:: EXERCISE REQUIREMENTS ::
Go through the data below and transcribe it exactly. Omit the images.

%%

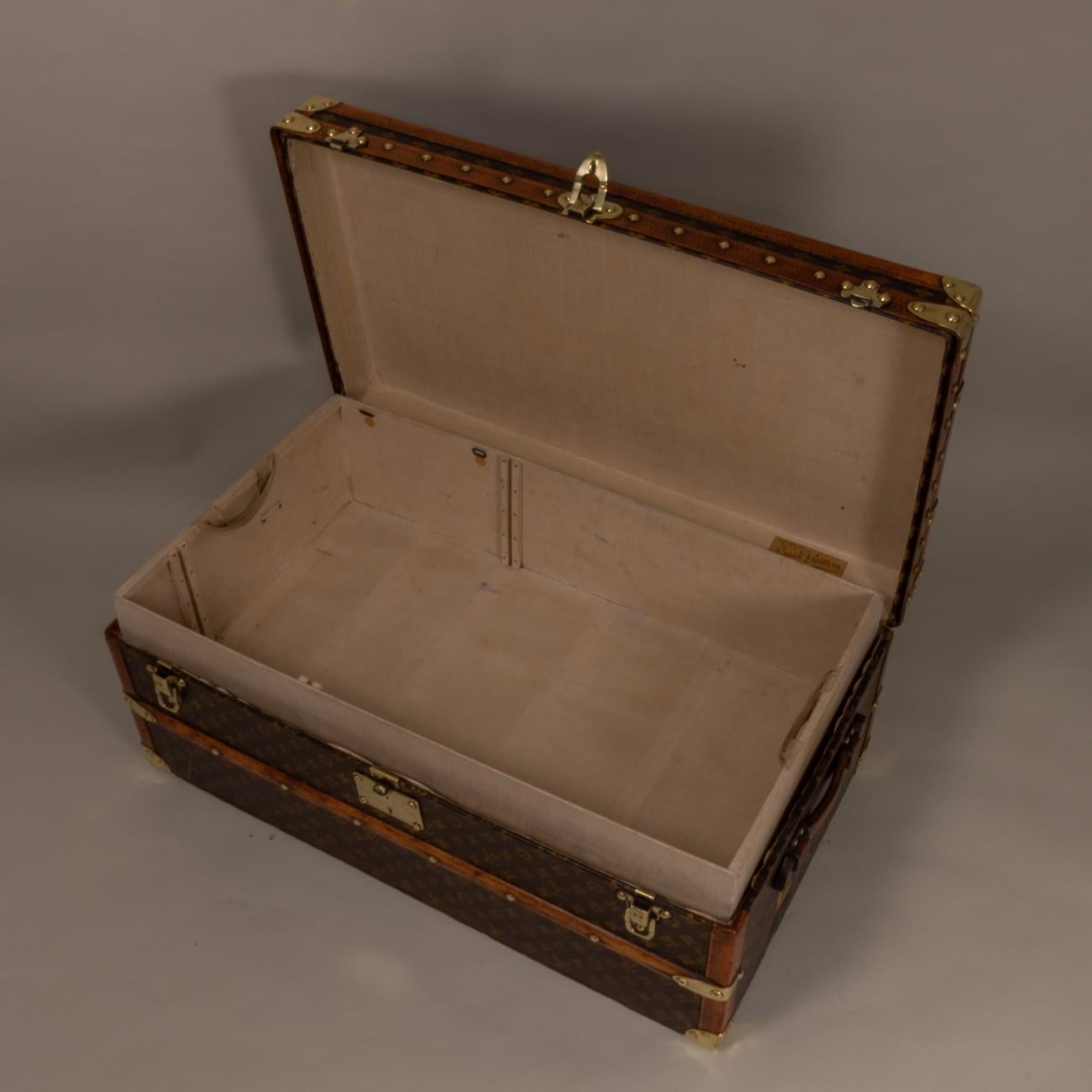Louis Vuitton LV Monogram Aero Trunk, circa 1915 1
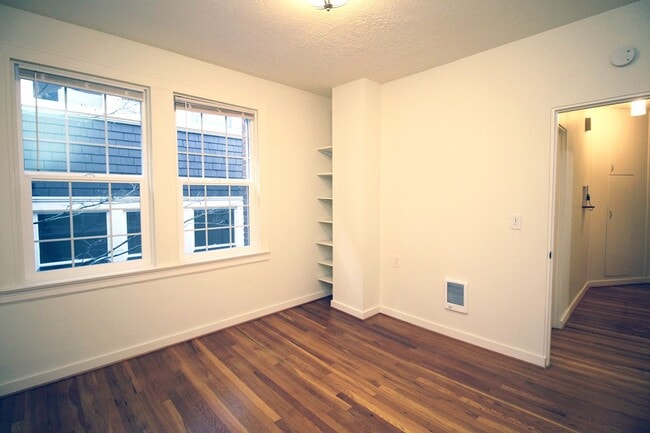 Building Photo - 1928 SW Laurel St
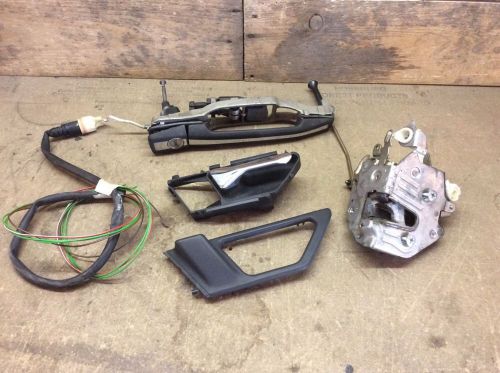 1992 mercedes benz w124 300e passenger door lock hardware interior / outer lock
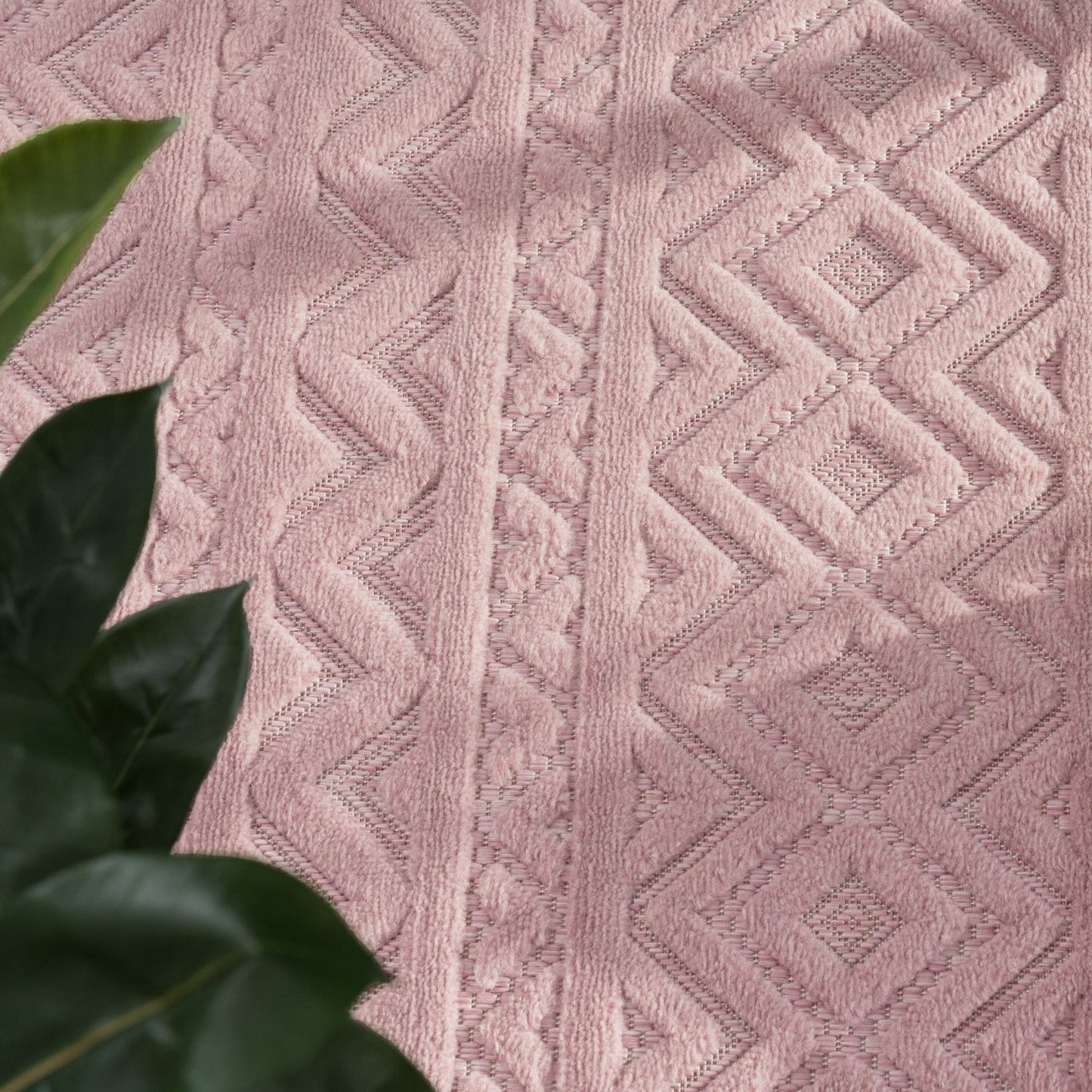 Indoor Outdoor Rug Livorno Boho High-Low Pattern In Pink-1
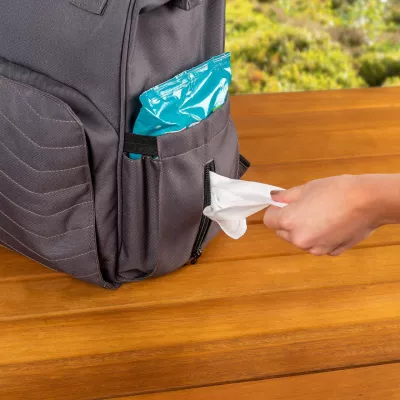 Rucsac multifunctional cu aleza pentru schimbat scutecul bebelusului, din plastic reciclat, Reer Growing Backpack 84221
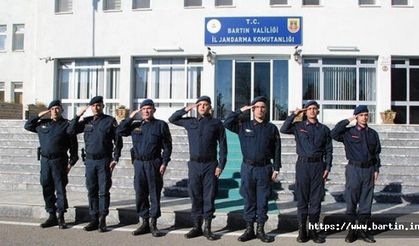 2 İkiz Kardeş, Aynı Yerde Asker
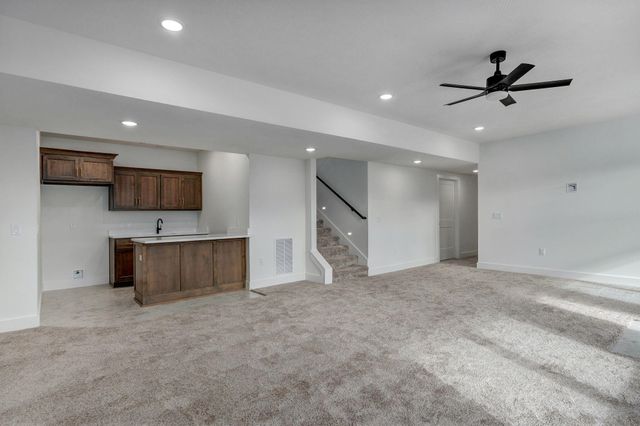 206 N Blarney Court, Nixa, MO 65714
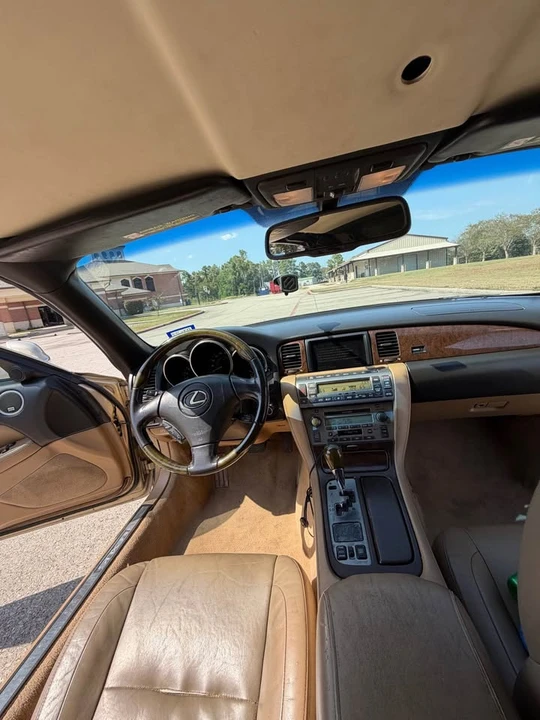 2006 Lexus SC430 - Image 13 of 20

%%

:: RESPONSE TO THIS EXERCISE ::
Louis Vuitton LV Monogram Aero Trunk, circa 1915 1
 Building Photo - 1928 SW Laurel St
 1992 mercedes benz w124 300e passenger door lock hardware interior / outer lock
 Indoor Outdoor Rug Livorno Boho High-Low Pattern In Pink-1
 Rucsac multifunctional cu aleza pentru schimbat scutecul bebelusului, din plastic reciclat, Reer Growing Backpack 84221
 2 İkiz Kardeş, Aynı Yerde Asker
 206 N Blarney Court, Nixa, MO 65714
 2006 Lexus SC430 - Image 13 of 20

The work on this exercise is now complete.